But that doesn’t mean that life can’t get in the way of even the best-laid plans and gym routines. Maybe you just had a baby and can’t even fathom putting on spandex or perhaps you’ve been rehabbing an injury and have totally lost all your hard-earned gains as a result. There are so many real, honest, relatable, and totally acceptable reasons for going on a fitness hiatus. There’s also something to be said about simply being in a fitness funk. You might still be working out, but you can’t remember the last time you actually enjoyed it. Translation: There’s no way you’re getting what your body (and mind) crave or need out of that mindless movement. 

Cure for all of the above: First and foremost, a cut yourself a little slack. Be kind, and know that whatever your reason for falling out of love with exercise (or, heck, never really being in a committed relationship with fitness in the first place), it’s valid. Next, tap into your creativity and come up with new ways to change your perspective on working out. To help, we asked some wellness pros to share how they’ve pulled themselves out of their own workout slump.

Steal their tips and fall back in love with your workout for good.

#1 Respect your body.

New mom and fitness influencer Jocelyn Steiber of @chicandsweaty knows what it’s like to have life throw a big wrench in your well-oiled fitness routine. Despite having worked out throughout her pregnancy, after she gave birth to her daughter several months ago, she says she lost all motivation.

 “I always thought I was going to be one of those women who counted down the days until I got the six-week "go-ahead" from my doctor, but when that day came, I wasn't even close to being ready to work out again,” she says. “I was physically and mentally drained.” (See: How to Rekindle Exercise and Weight-Loss Motivation When You Just Want to Chill and Eat Chips)

Eventually, Steiber found that the best thing she could do was respect what her body had been through and give it time. “It took me close to a full year to feel comfortable with my new body and enjoy working out again.” Ultimately, she peppered in mini workouts during her daughter’s nap times, and voilà, she found some untapped energy reserves.

#2 Don’t compare your routine to someone else’s.

Maybe you’re hustling at the gym and aren’t seeing the same results as your friend who barely remembers to pack her sneakers. Maybe you had a busy few months at work and put on a few extra pounds while your co-worker somehow found time to get ripped at the nearby boutique fitness studio. 

Annoying? Maybe. But stop comparing your body and your workout routine to anyone else’s.

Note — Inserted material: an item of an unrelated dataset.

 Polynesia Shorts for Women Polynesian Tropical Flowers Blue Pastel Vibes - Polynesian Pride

Every body is different, and there’s so much more that goes into seeing “results” than the time you put into going to the gym. (Related: Why Your Butt Looks the Same No Matter How Many Squats You Do

“It's hard not to compare yourself to others, but try not to fall into that trap,” says Steiber.

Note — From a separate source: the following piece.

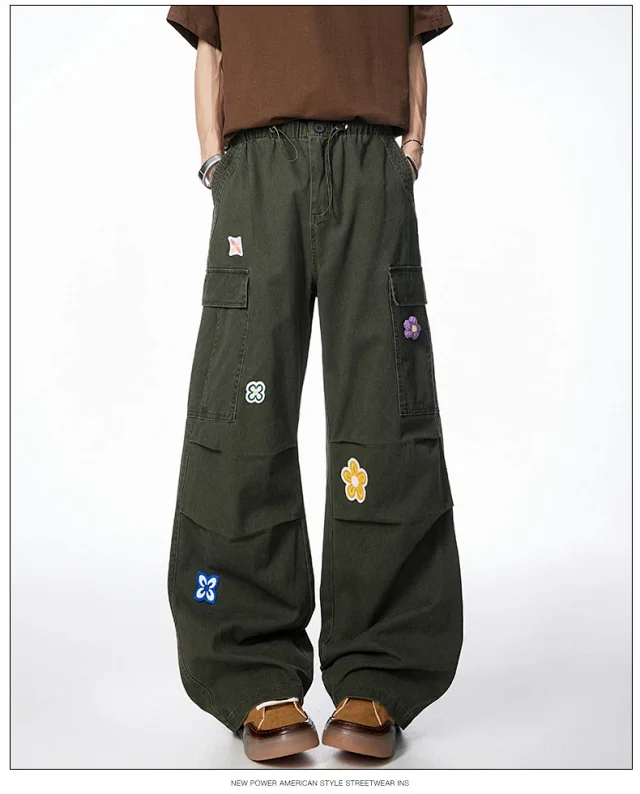 Unisex Embroidered Floral Work Pants Detail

#3 Commit to something—literally.

Every single time Jess Glazer, a health and business coach and creator of FITtrips, has gone on a fitness hiatus (due to injury or just life taking over), she says she’s used the same path back to loving her workouts. 

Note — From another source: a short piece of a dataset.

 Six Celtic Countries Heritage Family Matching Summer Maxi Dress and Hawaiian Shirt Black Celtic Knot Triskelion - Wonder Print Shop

Part of that journey is committing to something timebound. Join a challenge, start a new program, sign up for a race that requires you to train, she suggests. (Related: What Signing Up for the Boston Marathon Taught Me About Goal-Setting)

When you have a goal on the horizon, it gives you laser-focus on committing to meet that goal (especially if it’s something you had to pay for, like a race). 

#4 Don’t be afraid to ask for help.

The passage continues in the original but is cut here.